Moreover, Sherri is suing for a settlement that would place Donny in a lifetime of debt and thus make it impossible for him to ever remarry, rendering Donny an agun. (And as far as ORA is concerned, their callous lack of concern for Donny's remarriage prospects due to Sherri's forbidden lawsuit clearly reveals their feminist, misandrist agenda and the phoniness of their pious concern for the "chained".)

Thus, Sherri is not only litigating custody in civil court, which is forbidden in itself (and a form of kidnapping, which is even worse than stealing property); she is litigating for a monetary award to which she is completely not entitled under Jewish law, and which thus constitutes extortion and robbery. This makes the BDA's and ORA's acceptance of Sherri's ongoing lawsuit against Donny all the more morally wrong and severe.

Conclusion
In summary, Donny is no monstrous "get refuser" (which is anyway not wrong or forbidden in itself—see here) and Sherri is no "agunah". On the contrary, Donny was the one obediently submitting to Jewish law, willing to accept the rulings of a beis din following the standard procedure of negotiating his settlement and presiding over the giving of the get, enabling him to move on with his life. Donny did not refuse to give a get or demand anything outside the norm and he fully cooperated with four other batei din of Sherri's choosing. Rather, it was Sherri who rejected their authority and went on to commit a series of acts that neutral bystanders, as well as the arbitrators of those batei din, found to be totally beyond the pale.

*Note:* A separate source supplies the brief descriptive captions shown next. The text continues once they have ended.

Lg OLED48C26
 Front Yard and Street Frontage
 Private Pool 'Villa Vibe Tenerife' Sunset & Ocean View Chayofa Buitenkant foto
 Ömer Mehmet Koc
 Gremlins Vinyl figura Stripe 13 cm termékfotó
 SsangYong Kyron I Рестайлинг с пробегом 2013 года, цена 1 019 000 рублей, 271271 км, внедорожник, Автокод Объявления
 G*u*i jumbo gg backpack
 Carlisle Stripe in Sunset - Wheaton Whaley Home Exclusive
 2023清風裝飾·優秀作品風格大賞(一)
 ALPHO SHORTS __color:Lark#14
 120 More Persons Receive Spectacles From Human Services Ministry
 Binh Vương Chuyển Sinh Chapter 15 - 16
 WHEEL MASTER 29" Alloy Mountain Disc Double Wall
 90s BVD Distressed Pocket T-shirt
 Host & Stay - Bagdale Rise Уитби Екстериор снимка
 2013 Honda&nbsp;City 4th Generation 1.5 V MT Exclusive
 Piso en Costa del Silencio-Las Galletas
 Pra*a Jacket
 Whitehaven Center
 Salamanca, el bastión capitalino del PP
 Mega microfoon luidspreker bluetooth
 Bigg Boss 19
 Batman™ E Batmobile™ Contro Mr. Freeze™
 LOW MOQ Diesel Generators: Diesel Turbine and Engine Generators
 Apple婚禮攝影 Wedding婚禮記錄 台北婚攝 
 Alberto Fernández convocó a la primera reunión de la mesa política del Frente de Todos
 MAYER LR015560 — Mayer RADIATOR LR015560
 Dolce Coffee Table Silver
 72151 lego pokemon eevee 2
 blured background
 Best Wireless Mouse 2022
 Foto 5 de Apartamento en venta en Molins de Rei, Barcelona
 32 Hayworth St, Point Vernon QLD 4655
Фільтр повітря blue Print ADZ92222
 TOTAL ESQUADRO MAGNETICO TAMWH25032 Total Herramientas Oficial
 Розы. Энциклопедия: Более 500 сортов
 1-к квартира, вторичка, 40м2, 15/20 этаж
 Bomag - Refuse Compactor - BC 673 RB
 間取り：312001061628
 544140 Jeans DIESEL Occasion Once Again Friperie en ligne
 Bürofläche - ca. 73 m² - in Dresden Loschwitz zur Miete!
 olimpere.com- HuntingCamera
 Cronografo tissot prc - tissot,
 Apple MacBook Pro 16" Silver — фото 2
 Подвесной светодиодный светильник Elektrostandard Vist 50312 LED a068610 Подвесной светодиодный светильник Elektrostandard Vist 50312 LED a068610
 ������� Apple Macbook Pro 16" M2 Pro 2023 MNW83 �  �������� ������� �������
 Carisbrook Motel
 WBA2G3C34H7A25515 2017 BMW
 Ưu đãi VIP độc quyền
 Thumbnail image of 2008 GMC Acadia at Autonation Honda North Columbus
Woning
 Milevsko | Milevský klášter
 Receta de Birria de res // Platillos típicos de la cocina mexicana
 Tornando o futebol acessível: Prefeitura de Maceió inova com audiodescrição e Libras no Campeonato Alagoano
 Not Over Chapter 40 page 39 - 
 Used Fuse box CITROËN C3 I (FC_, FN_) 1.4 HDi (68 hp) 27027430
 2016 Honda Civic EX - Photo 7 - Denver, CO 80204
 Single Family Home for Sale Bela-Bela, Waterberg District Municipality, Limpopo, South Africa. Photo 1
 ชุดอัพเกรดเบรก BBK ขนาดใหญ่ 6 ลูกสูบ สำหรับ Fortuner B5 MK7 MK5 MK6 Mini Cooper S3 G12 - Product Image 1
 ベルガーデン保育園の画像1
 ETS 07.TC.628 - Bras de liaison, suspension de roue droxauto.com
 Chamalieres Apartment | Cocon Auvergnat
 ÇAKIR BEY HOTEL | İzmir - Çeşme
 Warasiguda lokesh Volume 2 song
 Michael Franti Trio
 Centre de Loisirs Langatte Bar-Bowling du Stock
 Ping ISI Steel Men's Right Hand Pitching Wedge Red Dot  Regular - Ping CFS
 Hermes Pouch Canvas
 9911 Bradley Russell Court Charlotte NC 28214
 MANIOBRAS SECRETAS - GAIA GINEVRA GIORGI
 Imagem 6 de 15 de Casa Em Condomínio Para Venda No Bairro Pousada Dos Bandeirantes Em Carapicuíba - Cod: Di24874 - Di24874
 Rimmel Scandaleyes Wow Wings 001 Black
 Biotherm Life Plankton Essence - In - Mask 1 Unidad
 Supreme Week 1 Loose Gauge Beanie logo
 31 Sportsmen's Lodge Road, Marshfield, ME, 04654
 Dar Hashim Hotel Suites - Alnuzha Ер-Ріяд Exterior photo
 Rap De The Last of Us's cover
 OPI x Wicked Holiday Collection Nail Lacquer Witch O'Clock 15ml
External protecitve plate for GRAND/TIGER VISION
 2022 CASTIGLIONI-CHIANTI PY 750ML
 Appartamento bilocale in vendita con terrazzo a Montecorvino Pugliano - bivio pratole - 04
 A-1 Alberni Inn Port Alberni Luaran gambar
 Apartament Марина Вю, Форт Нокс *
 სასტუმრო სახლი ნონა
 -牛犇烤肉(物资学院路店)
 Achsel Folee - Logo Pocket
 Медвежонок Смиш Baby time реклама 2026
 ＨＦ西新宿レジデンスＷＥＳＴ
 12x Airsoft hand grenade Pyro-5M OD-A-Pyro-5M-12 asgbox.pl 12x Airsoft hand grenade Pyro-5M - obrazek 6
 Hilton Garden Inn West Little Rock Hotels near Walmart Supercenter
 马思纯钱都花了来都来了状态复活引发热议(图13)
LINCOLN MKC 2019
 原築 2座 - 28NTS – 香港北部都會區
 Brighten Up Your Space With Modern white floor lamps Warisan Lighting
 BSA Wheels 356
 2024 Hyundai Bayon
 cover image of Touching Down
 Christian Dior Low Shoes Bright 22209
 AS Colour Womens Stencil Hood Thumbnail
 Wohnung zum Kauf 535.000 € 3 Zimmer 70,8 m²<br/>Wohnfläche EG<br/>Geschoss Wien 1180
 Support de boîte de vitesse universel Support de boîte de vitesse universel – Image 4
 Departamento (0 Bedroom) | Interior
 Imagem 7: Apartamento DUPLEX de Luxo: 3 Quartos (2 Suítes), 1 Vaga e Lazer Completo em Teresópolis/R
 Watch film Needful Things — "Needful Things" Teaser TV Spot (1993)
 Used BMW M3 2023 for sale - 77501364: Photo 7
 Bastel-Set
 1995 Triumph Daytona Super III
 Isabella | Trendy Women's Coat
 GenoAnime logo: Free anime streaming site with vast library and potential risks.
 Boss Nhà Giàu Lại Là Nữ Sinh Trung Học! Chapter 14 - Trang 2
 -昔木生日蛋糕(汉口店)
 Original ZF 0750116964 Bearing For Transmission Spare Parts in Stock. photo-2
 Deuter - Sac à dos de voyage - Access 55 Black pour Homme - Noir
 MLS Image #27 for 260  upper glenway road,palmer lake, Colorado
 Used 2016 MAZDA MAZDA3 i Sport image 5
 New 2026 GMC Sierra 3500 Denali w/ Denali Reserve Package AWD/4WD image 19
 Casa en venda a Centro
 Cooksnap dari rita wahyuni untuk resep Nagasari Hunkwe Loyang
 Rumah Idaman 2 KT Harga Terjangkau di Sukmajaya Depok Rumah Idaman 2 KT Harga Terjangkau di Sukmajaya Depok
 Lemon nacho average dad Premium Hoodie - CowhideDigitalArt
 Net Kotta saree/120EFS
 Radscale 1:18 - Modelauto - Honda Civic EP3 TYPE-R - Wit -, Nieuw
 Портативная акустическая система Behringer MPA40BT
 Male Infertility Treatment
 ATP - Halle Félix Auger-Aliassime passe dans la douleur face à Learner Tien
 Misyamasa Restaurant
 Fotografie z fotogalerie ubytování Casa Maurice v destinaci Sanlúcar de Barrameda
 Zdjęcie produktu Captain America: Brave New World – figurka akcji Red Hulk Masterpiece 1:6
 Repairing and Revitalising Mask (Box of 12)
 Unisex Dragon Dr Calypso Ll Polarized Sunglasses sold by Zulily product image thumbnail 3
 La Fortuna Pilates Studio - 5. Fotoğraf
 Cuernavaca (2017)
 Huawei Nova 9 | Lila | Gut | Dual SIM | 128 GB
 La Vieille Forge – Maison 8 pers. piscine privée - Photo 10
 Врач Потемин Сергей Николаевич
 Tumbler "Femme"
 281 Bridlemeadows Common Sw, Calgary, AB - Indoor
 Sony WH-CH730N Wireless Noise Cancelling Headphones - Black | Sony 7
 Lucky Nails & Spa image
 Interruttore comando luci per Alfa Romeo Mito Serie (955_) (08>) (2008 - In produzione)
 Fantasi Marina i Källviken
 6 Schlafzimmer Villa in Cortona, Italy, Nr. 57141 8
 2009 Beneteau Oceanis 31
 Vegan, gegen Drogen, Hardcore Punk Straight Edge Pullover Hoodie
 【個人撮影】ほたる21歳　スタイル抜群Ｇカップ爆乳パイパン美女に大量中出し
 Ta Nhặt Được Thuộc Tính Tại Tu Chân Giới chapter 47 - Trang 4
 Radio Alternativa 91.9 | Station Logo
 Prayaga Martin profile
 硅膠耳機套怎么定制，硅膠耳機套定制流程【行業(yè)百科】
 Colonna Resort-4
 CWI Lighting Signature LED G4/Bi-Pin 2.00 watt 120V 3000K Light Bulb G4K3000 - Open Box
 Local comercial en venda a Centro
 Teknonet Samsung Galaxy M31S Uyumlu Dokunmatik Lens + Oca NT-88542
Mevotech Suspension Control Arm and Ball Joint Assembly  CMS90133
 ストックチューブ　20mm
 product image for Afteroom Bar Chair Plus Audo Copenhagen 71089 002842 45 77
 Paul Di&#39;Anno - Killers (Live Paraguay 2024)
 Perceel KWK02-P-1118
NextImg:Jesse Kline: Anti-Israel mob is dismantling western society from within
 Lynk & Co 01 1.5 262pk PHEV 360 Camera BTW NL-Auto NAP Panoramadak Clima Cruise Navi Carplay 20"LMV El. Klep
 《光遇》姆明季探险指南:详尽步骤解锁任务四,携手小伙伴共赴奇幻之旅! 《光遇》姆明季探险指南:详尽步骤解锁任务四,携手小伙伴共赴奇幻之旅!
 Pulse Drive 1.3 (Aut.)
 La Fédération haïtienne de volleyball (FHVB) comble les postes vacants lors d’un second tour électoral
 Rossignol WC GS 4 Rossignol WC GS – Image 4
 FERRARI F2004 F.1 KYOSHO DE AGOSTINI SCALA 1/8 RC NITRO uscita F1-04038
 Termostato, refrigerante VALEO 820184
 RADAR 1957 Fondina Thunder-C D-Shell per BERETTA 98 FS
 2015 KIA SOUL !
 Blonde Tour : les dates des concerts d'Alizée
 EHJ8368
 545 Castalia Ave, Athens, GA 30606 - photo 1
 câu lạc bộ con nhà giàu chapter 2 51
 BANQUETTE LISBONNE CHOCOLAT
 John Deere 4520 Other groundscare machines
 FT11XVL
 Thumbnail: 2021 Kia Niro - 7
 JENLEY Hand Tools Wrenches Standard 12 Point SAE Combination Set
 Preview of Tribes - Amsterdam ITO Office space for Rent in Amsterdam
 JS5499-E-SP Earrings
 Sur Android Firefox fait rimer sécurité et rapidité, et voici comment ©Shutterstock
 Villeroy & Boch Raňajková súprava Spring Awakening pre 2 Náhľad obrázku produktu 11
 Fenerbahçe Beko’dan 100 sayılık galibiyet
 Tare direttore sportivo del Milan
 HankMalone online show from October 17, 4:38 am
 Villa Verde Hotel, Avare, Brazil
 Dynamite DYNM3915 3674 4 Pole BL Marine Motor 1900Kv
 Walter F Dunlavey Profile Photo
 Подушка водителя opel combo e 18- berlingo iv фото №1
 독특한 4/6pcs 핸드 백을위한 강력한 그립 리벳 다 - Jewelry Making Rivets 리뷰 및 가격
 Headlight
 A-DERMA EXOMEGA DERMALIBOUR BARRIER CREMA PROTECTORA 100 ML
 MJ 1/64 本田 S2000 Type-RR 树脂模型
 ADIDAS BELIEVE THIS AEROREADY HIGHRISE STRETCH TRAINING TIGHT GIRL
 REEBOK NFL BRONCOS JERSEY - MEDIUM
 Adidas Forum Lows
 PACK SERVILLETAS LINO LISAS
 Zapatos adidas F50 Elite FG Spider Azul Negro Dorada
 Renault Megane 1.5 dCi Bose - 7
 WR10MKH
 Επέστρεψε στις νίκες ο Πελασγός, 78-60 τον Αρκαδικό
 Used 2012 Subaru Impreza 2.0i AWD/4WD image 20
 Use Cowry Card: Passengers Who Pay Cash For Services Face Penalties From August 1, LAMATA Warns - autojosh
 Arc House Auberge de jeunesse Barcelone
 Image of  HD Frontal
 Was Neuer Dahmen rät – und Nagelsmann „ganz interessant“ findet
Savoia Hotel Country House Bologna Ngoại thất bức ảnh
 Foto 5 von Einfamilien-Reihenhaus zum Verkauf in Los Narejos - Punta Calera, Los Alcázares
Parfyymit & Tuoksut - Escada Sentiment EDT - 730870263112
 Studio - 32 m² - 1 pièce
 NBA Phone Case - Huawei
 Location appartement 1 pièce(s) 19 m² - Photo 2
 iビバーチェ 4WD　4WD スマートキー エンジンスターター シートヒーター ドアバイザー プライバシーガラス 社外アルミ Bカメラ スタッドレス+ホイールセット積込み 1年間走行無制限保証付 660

Although a detailed account is beyond the scope of this article, Donny is only the latest in a long line of Jewish men who have been the victims of such treatment. The public must realize that despite the apparent worthiness of their cause, both the BDA and ORA are morally corrupt institutions with a long, sordid history of persecuting and victimizing Jewish men: The BDA, for issuing unwarranted seiruvim; and ORA, for knowingly libeling Jewish husbands as malicious "get refusers" guilty of "domestic abuse" while knowingly covering up the crimes and lies of abusive wives, all in order to promote their misandrist, feminist agenda (and harming the legitimate cause of true agunim and agunos—those unable to remarry because of the truly malicious refusal of their spouses to accept or give a get).


It’s time for the Jewish community to give an unconditional get to the BDA and ORA—with recalcitrance.